No sé cómo los críticos “profesionales” de cine sobrellevan su trabajo. En serio, no sé cómo lo hacen. Durante las últimas dos semanas me propuse ver todas las cintas nominadas al Oscar este año –vamos: la créme de la créme de lo que la industria de cine hollywoodense tiene para ofrecer– y en verdad no concibo un trabajo más desmoralizante que el tener que ver por obligación, día tras día y de forma incansable, como quien checa tarjeta en una fábrica, este tipo de cine. Antes de que se me lancen a la yugular, quiero aclarar que no digo esto por payaso o por darme ínfulas de “culto”; no creo que el mal llamado “cine de arte” (¿a quién carajos se le ocurrió esa “clasificación”?) sea la única vía digna del séptimo arte, o que cineastas como Béla Tarr o Tarkovsky sean más dignos que Spielberg o Scorsese. Nada más alejado de mi forma de pensar. Sin embargo me encuentro, cada vez con mayor frecuencia, que el proceso de ver las cintas que la industria cinematográfica más grande del mundo presume como los pináculos de su creación artística me drena emocionalmente. Y no por la falta de pericia de sus productos fílmicos, sino precisamente por todo lo contrario: porque estas películas son un fiel reflejo, perfectamente ejecutado, de lo que el ser humano promedio del siglo XXI busca consumir (y en ocasiones hasta presumir) como estimulante intelectual. Si consideramos al cine hollywoodense como un fiel reflejo de los anhelos y aspiraciones del mundo occidental, el panorama es francamente desolador.

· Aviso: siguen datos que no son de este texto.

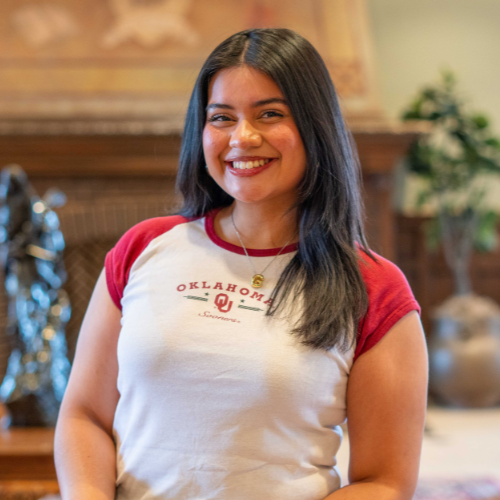 Photo of Gabriella Ulloa.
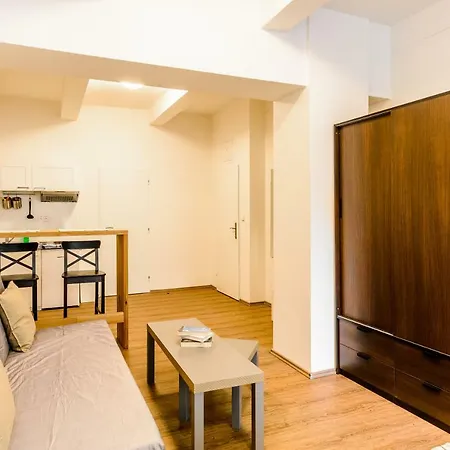 Zizkov Cosy Apartment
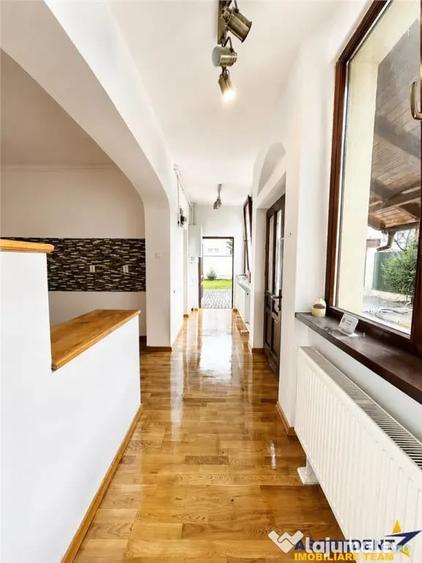 Casă cu 3 camere cu Teren 330 Mp în Central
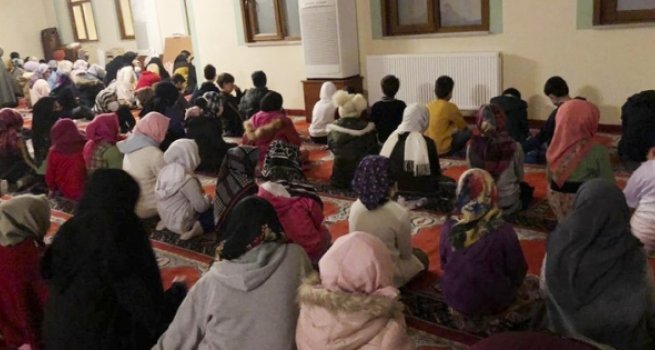 Ailece sabah namazında buluştular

Quiero creer que mi desesperanza se debe a una falta de objetividad provocada por el hecho de haber visto de forma consecutiva Black Panther, Bohemian Rhapsody, Green Book y A Star is Born: cuatro películas engendradas desde la más lamentable corrección política, que al mismo tiempo consiguen ser monumentos a los valores morales más reaccionarios del mundo occidental contemporáneo. Y claro, escojo escribir tres párrafos sobre A Star is Born –la más reciente cinta del director, actor, escritor, cantante, America’s sweetheart, etc., Bradley Cooper– porque es, por mucho, la más nefasta de las cuatro.
Tercer remake (sí, tercer) de la cinta homónima de 1937, dirigida por William A. Wellman, A Star is Born narra la premisa clásica del sueño americano de la primera mitad del siglo XX, un sueño que a pesar de su planteamiento generalista y casi mágico, sigue funcionando como mecanismo efectivo de control para una generación sin esperanzas que busca saltar al estrellato por un golpe de suerte, justo como Ally, la protagonista del filme –Lady Gaga en clave de mujer sufriente y abnegada– quien es descubierta por casualidad en un bar de drag-queens por su “salvador”: un músico alcohólico que la encandila y “enamora” por su fama, la encumbra también por su fama, y finalmente la destruye emocionalmente por su fama.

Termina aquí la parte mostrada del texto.